══ Data section

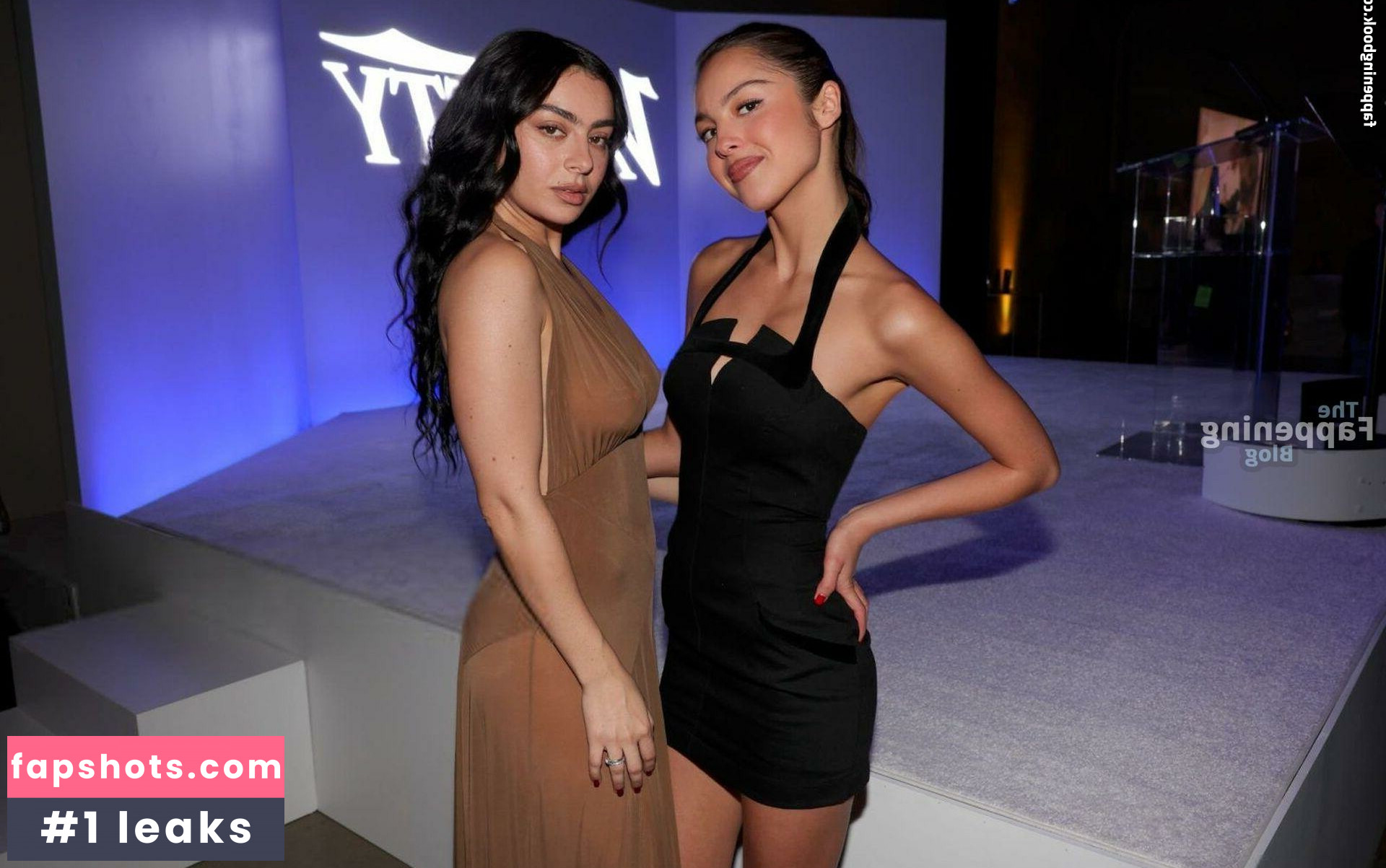 Charli XCX Nahé úniky fotek pouze od fanoušků #295 - Fapshots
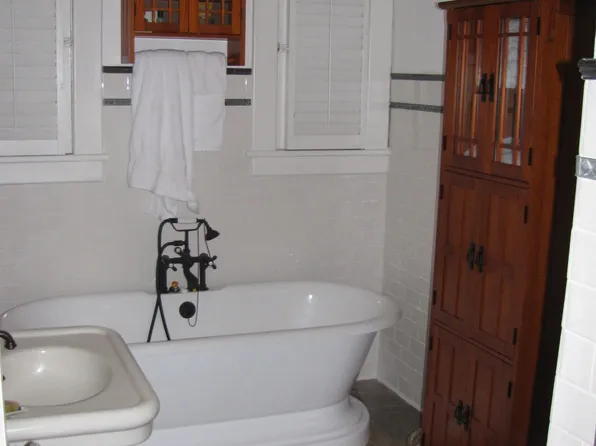18 Hannon Ave, Mobile, AL 36604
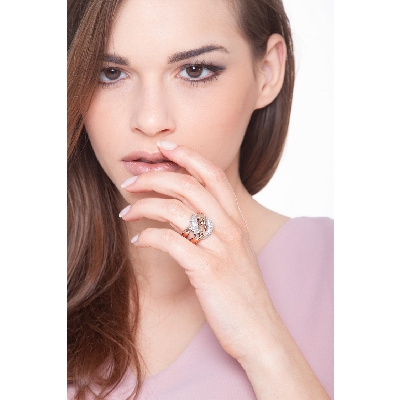 Anillo Gourmette en oro blanco y rosa de 18 quilates con diamantes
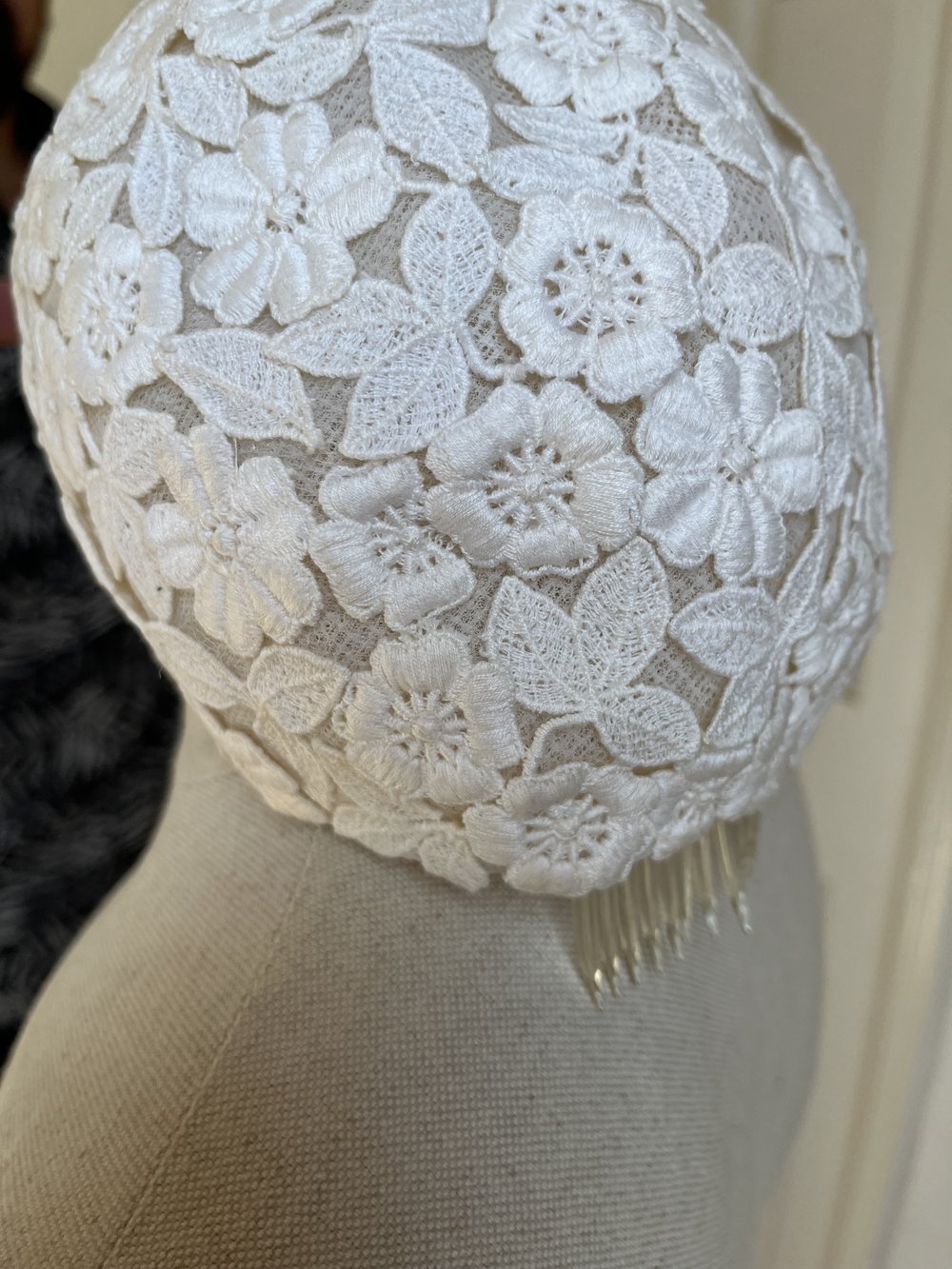 1940's Starched Lace Form Fitting Hat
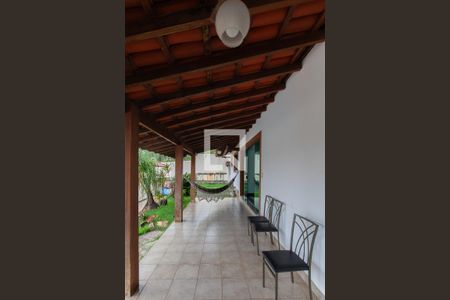 Casa à venda com 450m², 4 quartos e 4 vagas Casa à venda com 450m², 4 quartos e 4 vagasÁrea Externa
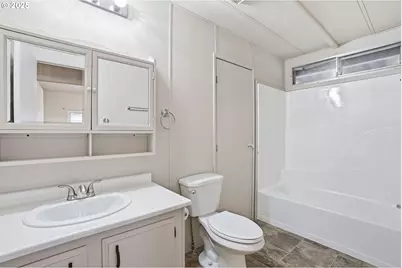 21100 NE Sandy Blvd #59, Fairview, OR 97024 - Photo 7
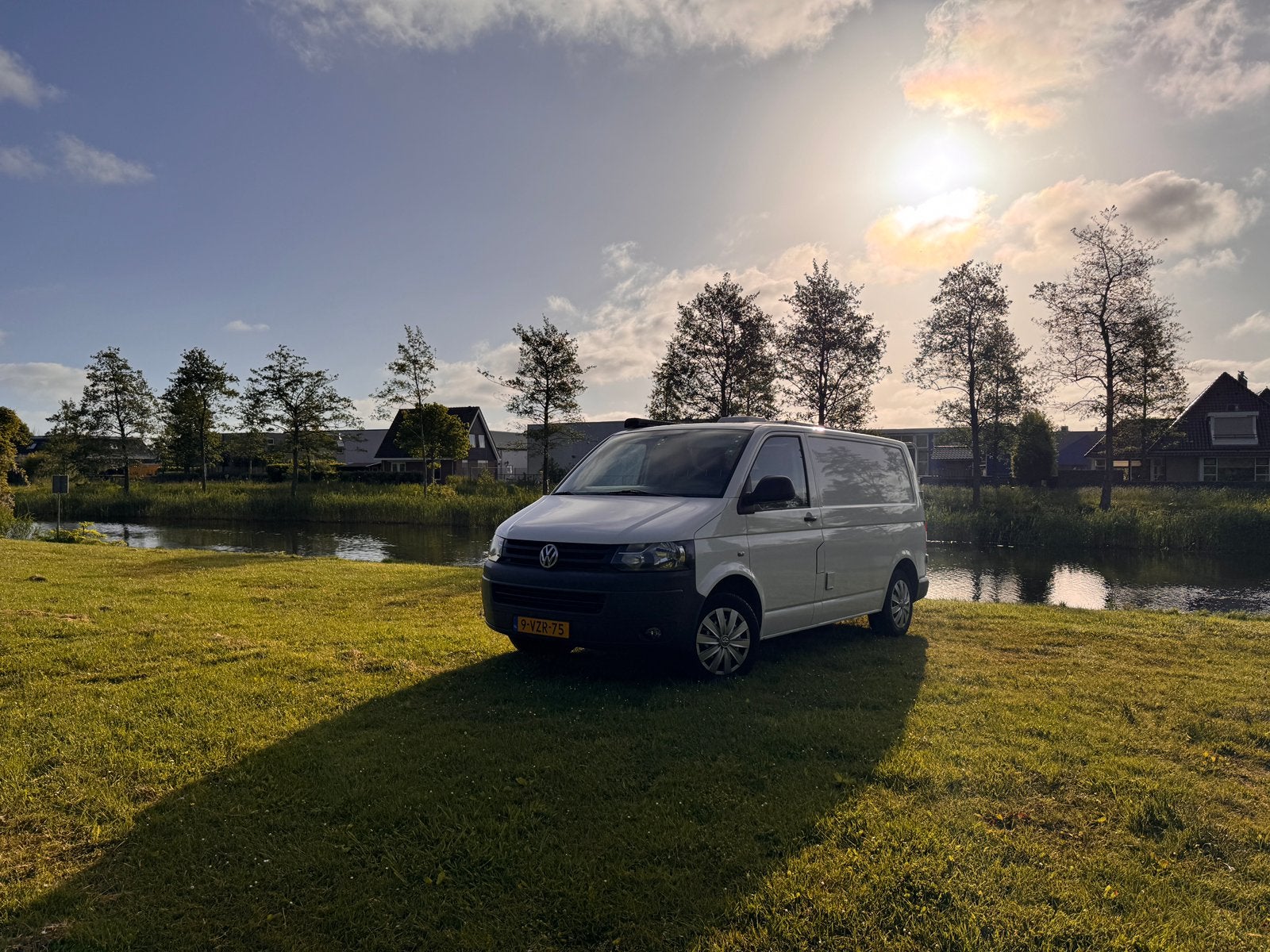 Volkswagen T5 | Off Grid Camper inbouw | Vakantie klaar!, Auto's, Voorwielaandrijving, Stof, 4 cilinders, Volkswagen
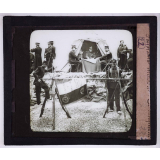 La Rue des nations et la berge de la rive gauche de la Seine à l'exposition universelle de 1900. Panorama militaire. Le campement.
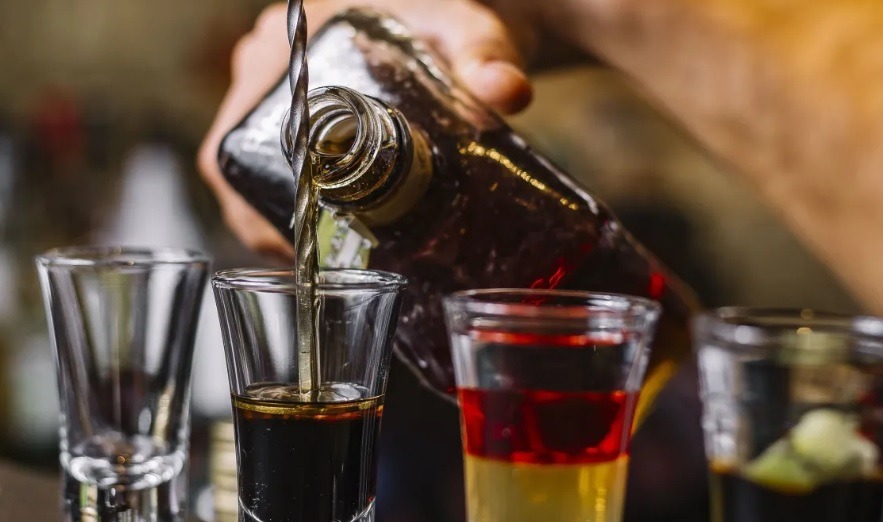 36% de bebidas alcóolicas vendidas no Brasil são falsificadas, diz Fhoresp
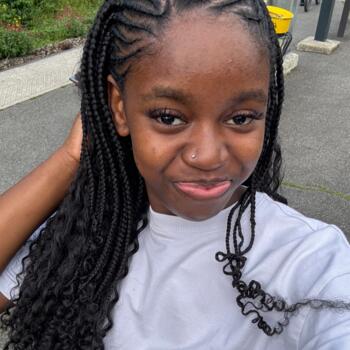 Nanny in Saint-Denis: Ilarie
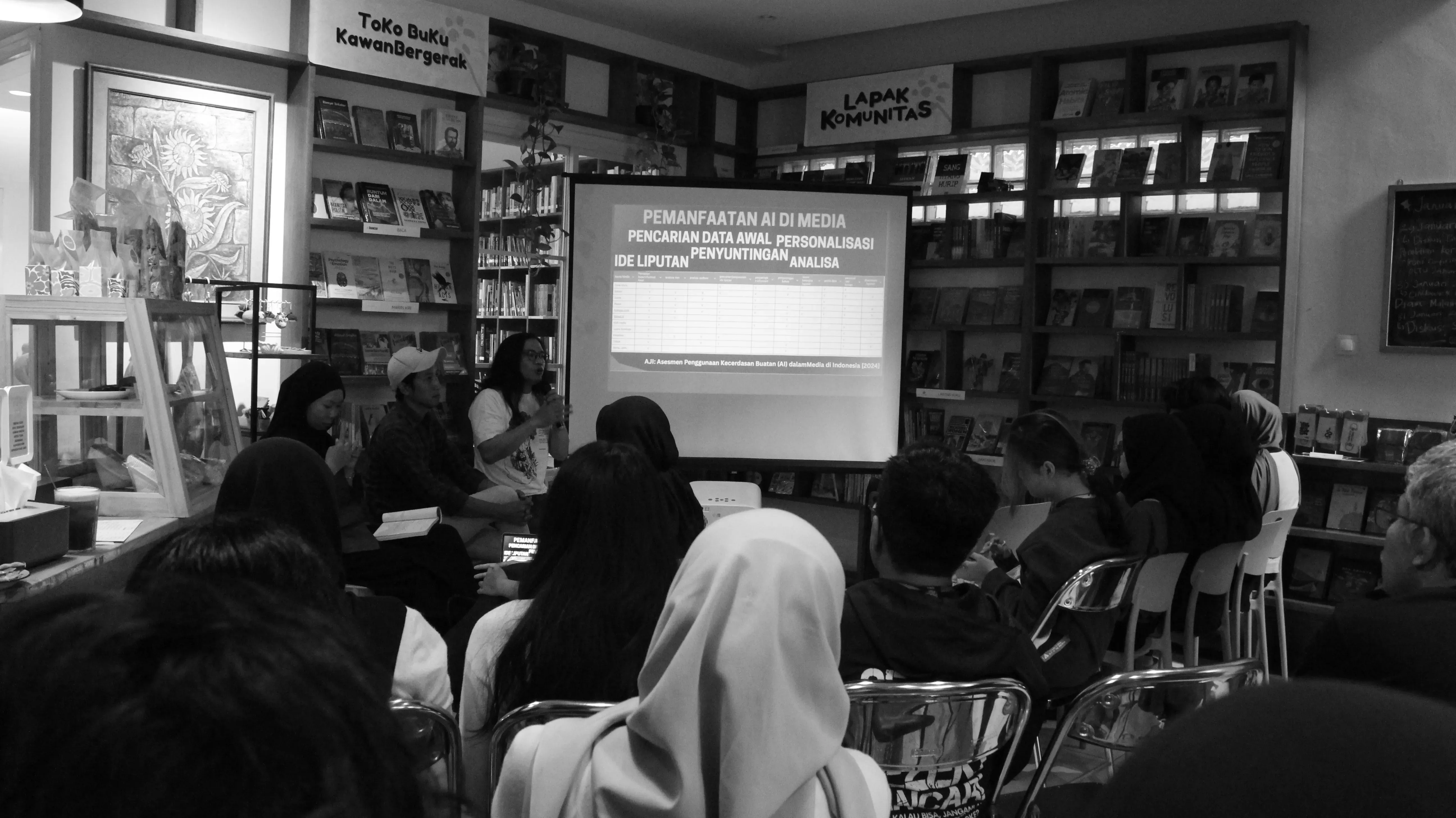 AI Spotlight Coaching Grantee Muhammad Kholikul Alim led a workshop for journalists on how to report on AI systems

════

How to complete this task »
All of the data above should be transcribed verbatim, with pictures omitted.

Solution for this task »
 Charli XCX Nahé úniky fotek pouze od fanoušků #295 - Fapshots
18 Hannon Ave, Mobile, AL 36604
 Anillo Gourmette en oro blanco y rosa de 18 quilates con diamantes
 1940's Starched Lace Form Fitting Hat
 Casa à venda com 450m², 4 quartos e 4 vagas Casa à venda com 450m², 4 quartos e 4 vagasÁrea Externa
 21100 NE Sandy Blvd #59, Fairview, OR 97024 - Photo 7
 Volkswagen T5 | Off Grid Camper inbouw | Vakantie klaar!, Auto's, Voorwielaandrijving, Stof, 4 cilinders, Volkswagen
 La Rue des nations et la berge de la rive gauche de la Seine à l'exposition universelle de 1900. Panorama militaire. Le campement.
 36% de bebidas alcóolicas vendidas no Brasil são falsificadas, diz Fhoresp
 Nanny in Saint-Denis: Ilarie
 AI Spotlight Coaching Grantee Muhammad Kholikul Alim led a workshop for journalists on how to report on AI systems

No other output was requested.